Wombs of Empire: Population Discourses and Biopolitics in Modern Japan, Sujin Lee, California: Stanford University Press, 2023. 258 pp. US$29.98 Paperback, ISBN-13: 978-1503637009.

Volume 18, Issue 3

In this interesting new book, Sujin Lee traces the discourse on the “population problem” in prewar Japan. Lee’s work joins recent English-language scholarship that has drawn important attention to the topics of population and birth control such as Aiko Takeuchi-Demirci’s Contraceptive Diplomacy and Aya Homei’s Science for Governing Japan’s Population. As Lee notes, issues of population haunt public discourse in contemporary Japan, where the birth rate has been below replacement level for several years. Lee’s text transports us to the prewar period, when social scientists and policy analysts demanded a solution to a different population problem. This was initially the problem of overpopulation, which seemed to threaten stability in prewar Japan. During the wartime period, concerns then arose over the need to increase population to support the war effort. Lee’s text thus brings attention to different dimensions of the problem in prewar Japan, ranging from early neo-Malthusian discourses of overpopulation, to feminist birth-control advocates, to wartime pronatalist discourses. Lee’s analysis productively incorporates Foucauldian concepts of governmentality and biopolitics, where the state, public intellectuals, and other public discourses transformed population into a productive resource.

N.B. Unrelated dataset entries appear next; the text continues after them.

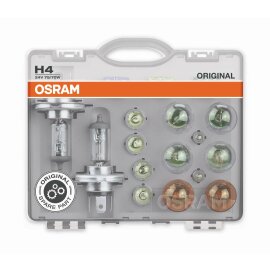 Osram Ersatzlampenbox H4, Halogen 24V, Ersatzlampenbox -...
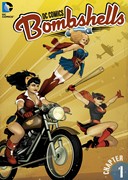 Super-héroïnes et pin-up : l'étrange rendez-vous hebdomadaire de DC Comics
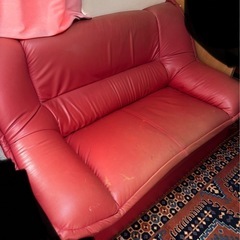 ソファ🛋️2人掛けの画像
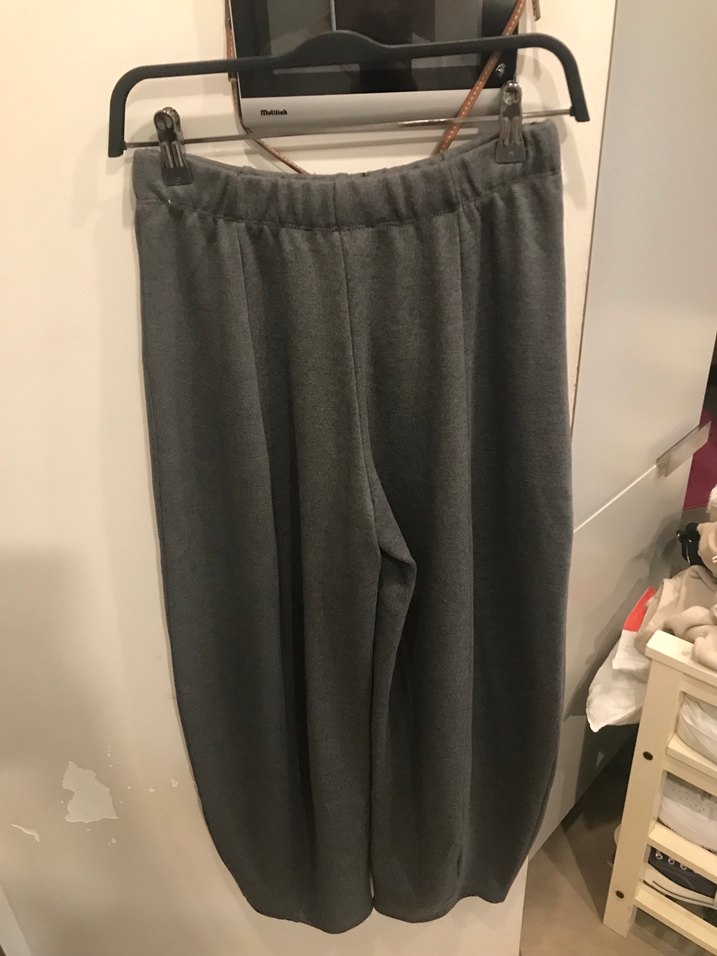 ZARA SOFT GENİŞ PANTOLON - Görsel 5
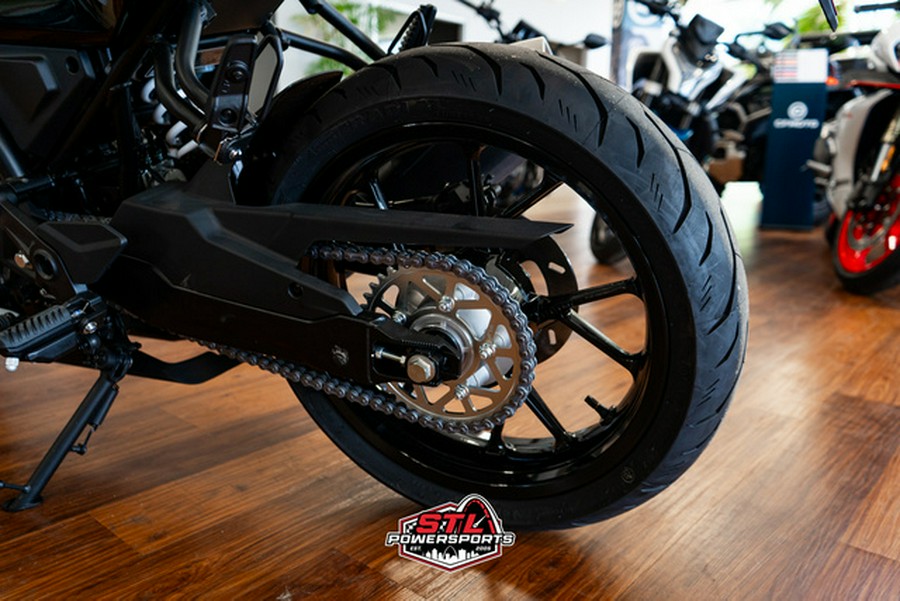 2025 CFMOTO SS 300 - NEBULA WHITE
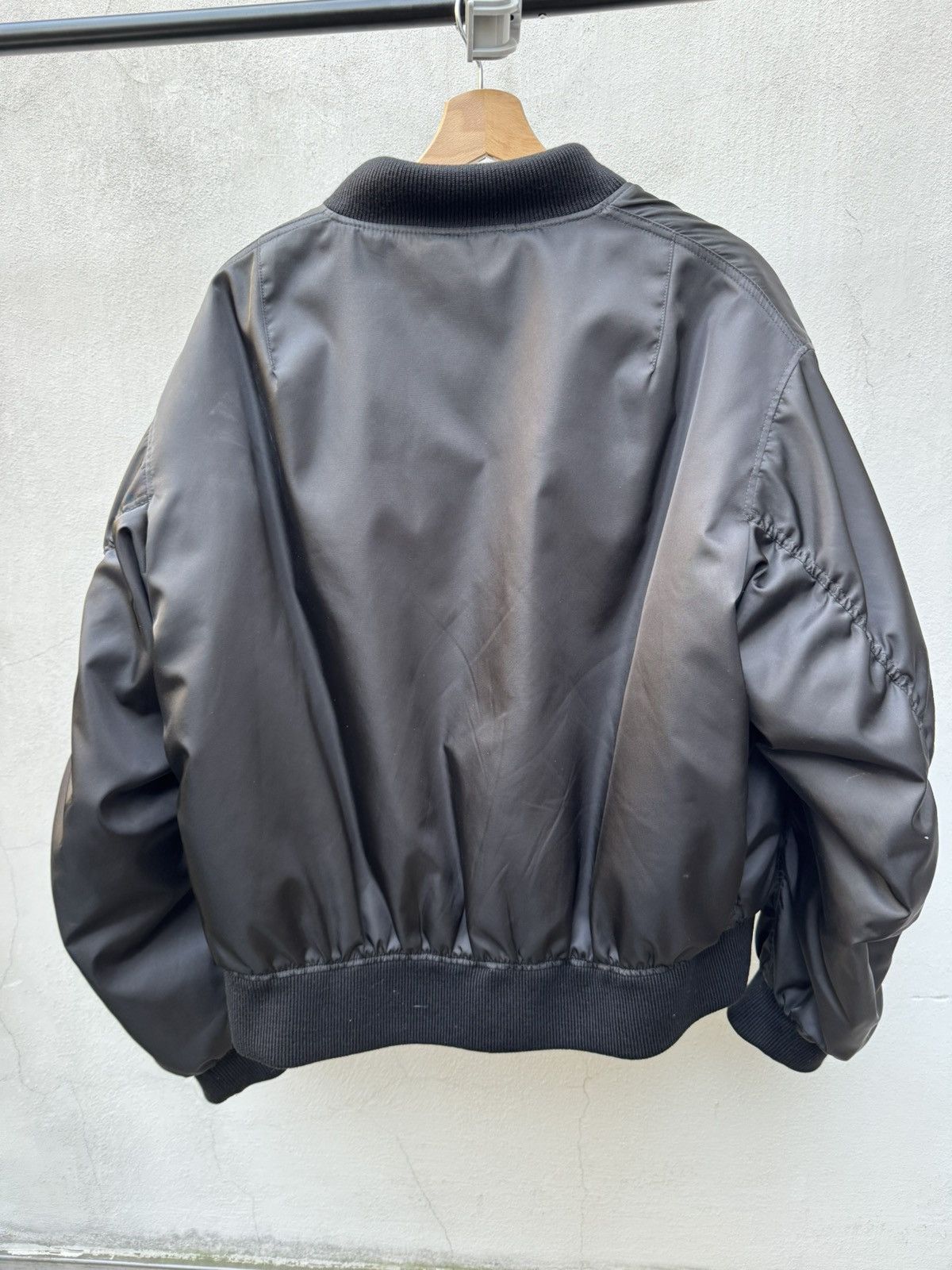 Prada Prada re-nylon bomber jacket Size US L / EU 52-54 / 3 - 2 Thumbnail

Under biopolitical regimes, states enact power on life as an aggregate population rather than solely over the individual as a singular being. In the logic of biopolitics, public and governmental actors sought to improve both the quality and quantity of the population so that the Japanese could become useful resources for the development of the nation. As Lee argues, birth control became an important site for enacting the biopolitical management of the population in modern Japan. Lee consciously chose the chapters to highlight how population could become a discursive object that transcended specific policies or institutions. This text places special emphasis on how the bodies of women took on particular significance as sites where government policies and intellectual theories converged.